L’incident avait privé 180.000 personnes d’eau potable au cœur du mois d’août. A Châteaulin (Finistère), le débordement de la cuve de la centrale de biogaz de Kastellin a sérieusement pollué l’Aulne, tranquille rivière qui traverse le parc régional d’Armorique. La pollution a également écorné l’image de la méthanisation, un procédé qui transforme le fumier, le lisier et les déchets de l’industrie agroalimentaire en gaz. Très largement subventionnée par les collectivités, la méthanisation est populaire en Bretagne, où les agriculteurs sont de plus en plus nombreux à y avoir recours. Un moyen de valoriser leurs effluents mais aussi un complément de revenu qui peut s’avérer considérable tant le prix de rachat est élevé.
Après l’incident, des voix se sont élevées pour dénoncer « les risques » de la méthanisation pour l’environnement. L’association de défense des consommateurs CLCV avait porté plainte contre X après la pollution. « La méthanisation a son utilité et sa raison d’être. Cet incident est malheureux mais il ne doit pas remettre le procédé en cause », assure Loïc Guines. Pour rassurer, le président de la chambre d’agriculture de Bretagne s’appuie sur « les contrôles réguliers » opérés par les autorités. Et rappelle que dans les fermes « il y a toujours du monde à travailler. S’il y a un dysfonctionnement, l’exploitant le verra rapidement ».
« Il en faut en retenir les leçons »
A Châteaulin, la gestion de la centrale biogaz par l’industriel Engie était entièrement automatisée. Depuis l’incident, la station est toujours arrêtée. « Cela nous rappelle qu’on est jamais à l’abri d’un accident. Il faut en retenir les leçons », estime Jean-Marc Onno. Cet éleveur de porcs du Morbihan exploite un méthaniseur depuis plus de dix ans. Lui qui a longtemps vécu en Allemagne était alors un pionnier en France.
« Ma démarche était avant tout écologique. Je voulais valoriser les effluents. Aujourd’hui, je peux chauffer mes bâtiments avec le biogaz et je n’utilise plus aucun engrais ». Celui qui est devenu président de l’association des Agriculteurs méthaniseurs bretons ne cache pas l’intérêt économique du procédé. « C’est une sécurité financière. Si je ne l’avais pas, je ne suis pas sûr que je serais encore éleveur ».
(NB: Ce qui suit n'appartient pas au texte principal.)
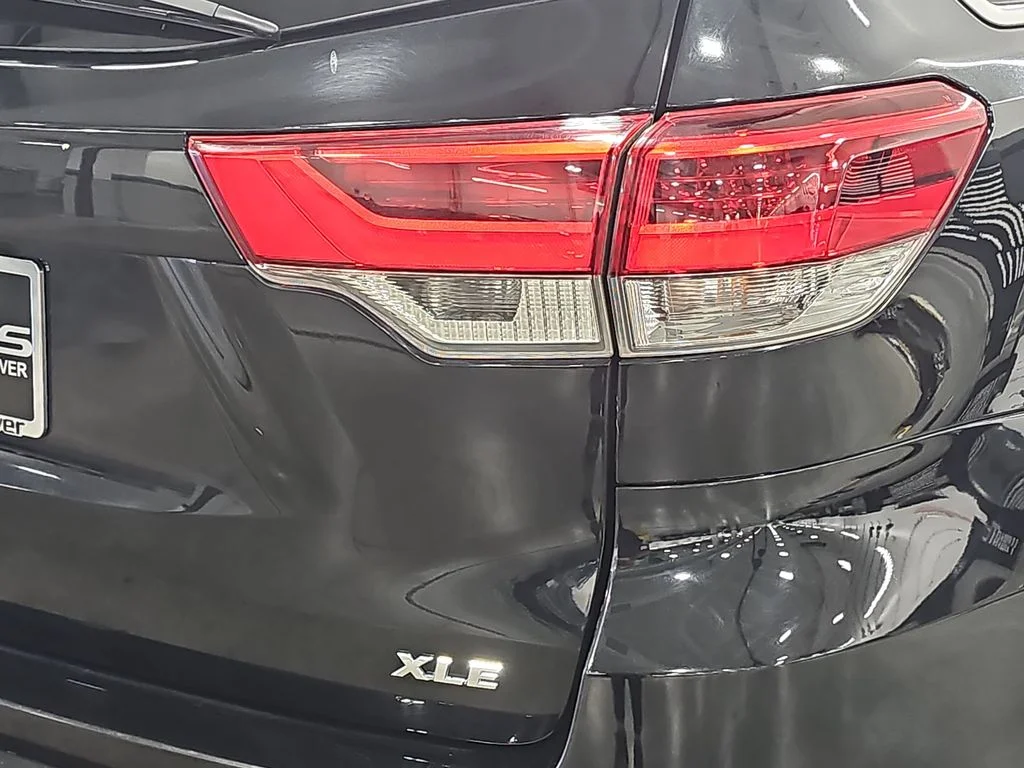 Used 2017 Black Toyota XLE image 35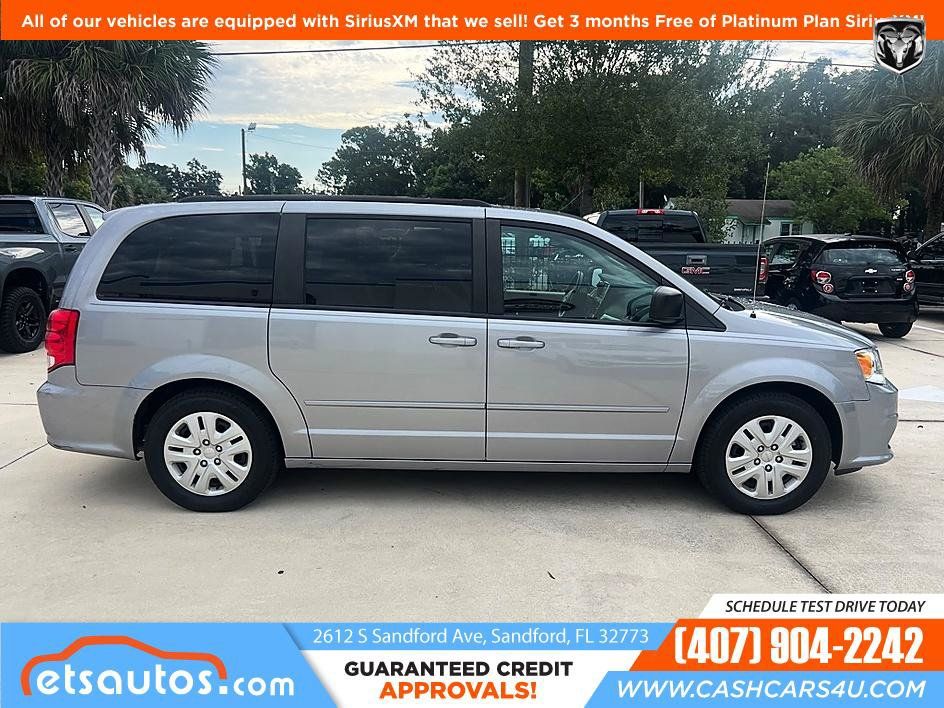 Used 2017 Dodge Grand Caravan SE w/ Power Window Group FWD image 4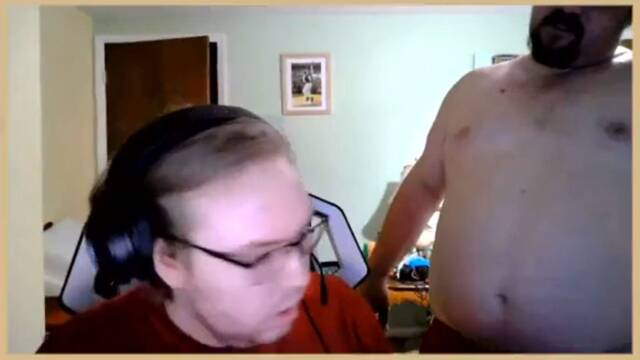 El padre de un jugador profesional de CS:GO aparece con el torso desnudo en webcam en directo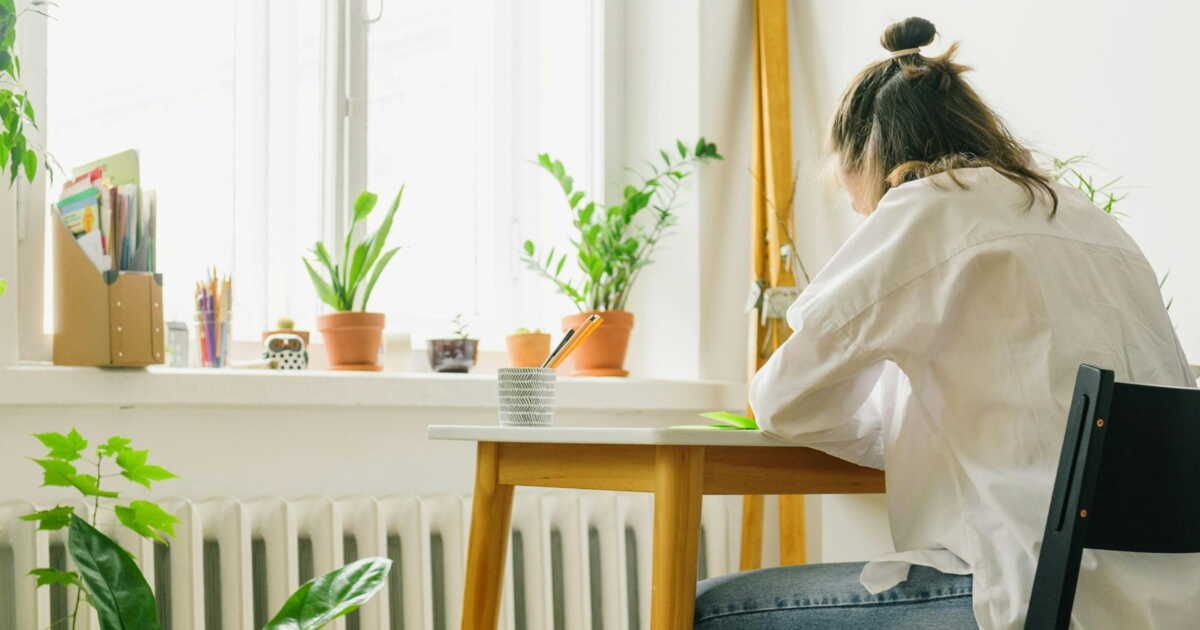 Créez une magnifique lampe design avec des éléments IKEA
Une charte pour garantir la sécurité
Très subventionné, le biogaz provoque aussi des effets d’aubaine que son association tente de réguler. Une charte dictant la bonne conduite à tenir a été validée et une centaine d’exploitants français y ont déjà adhéré. « Notre objectif, c’est de dépasser les 200 sites audités en 2021 », explique Jean-Marc Onno. Le président de la chambre d’agriculture applaudit et met en garde. « La France veut rattraper l’Allemagne et met des moyens conséquents sur les investissements et le prix du rachat du gaz. Ce qui me pose question, c’est de voir que pour certains paysans, c’est devenu leur principale source de revenus ». L’effet d’aubaine devrait retomber. Comme pour le photovoltaïque, le prix de rachat devrait bientôt baisser. Souhaitons que la filière biogaz s’en remette mieux que son homologue du solaire.